DATA UNDER STUDY
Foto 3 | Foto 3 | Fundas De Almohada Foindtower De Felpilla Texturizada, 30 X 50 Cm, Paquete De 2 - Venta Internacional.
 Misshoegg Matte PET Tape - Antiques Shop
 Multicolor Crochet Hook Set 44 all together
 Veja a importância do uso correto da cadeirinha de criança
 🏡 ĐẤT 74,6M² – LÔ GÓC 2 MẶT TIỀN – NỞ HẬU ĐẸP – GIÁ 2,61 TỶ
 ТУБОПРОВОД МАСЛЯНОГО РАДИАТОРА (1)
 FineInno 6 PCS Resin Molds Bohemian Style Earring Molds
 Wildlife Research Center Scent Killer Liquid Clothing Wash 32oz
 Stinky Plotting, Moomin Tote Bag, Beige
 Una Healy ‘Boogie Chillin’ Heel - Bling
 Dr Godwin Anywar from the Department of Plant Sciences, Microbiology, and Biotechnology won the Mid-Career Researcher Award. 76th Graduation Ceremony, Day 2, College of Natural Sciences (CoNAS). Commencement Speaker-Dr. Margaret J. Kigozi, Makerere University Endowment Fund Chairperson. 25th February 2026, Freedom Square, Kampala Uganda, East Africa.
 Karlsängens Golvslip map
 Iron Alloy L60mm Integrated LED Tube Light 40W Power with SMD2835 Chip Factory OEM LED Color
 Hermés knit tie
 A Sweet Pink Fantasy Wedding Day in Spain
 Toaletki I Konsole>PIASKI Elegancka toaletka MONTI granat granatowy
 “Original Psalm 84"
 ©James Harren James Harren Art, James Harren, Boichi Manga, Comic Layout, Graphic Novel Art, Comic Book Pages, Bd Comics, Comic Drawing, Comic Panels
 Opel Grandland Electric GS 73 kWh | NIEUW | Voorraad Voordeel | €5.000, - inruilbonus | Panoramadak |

TASK
If a line falls between the first line of the records and the line containing "Veja a importância", inclusive, repeat it exactly; leave out all others.

WRITTEN ANSWER
Foto 3 | Foto 3 | Fundas De Almohada Foindtower De Felpilla Texturizada, 30 X 50 Cm, Paquete De 2 - Venta Internacional.
 Misshoegg Matte PET Tape - Antiques Shop
 Multicolor Crochet Hook Set 44 all together
 Veja a importância do uso correto da cadeirinha de criança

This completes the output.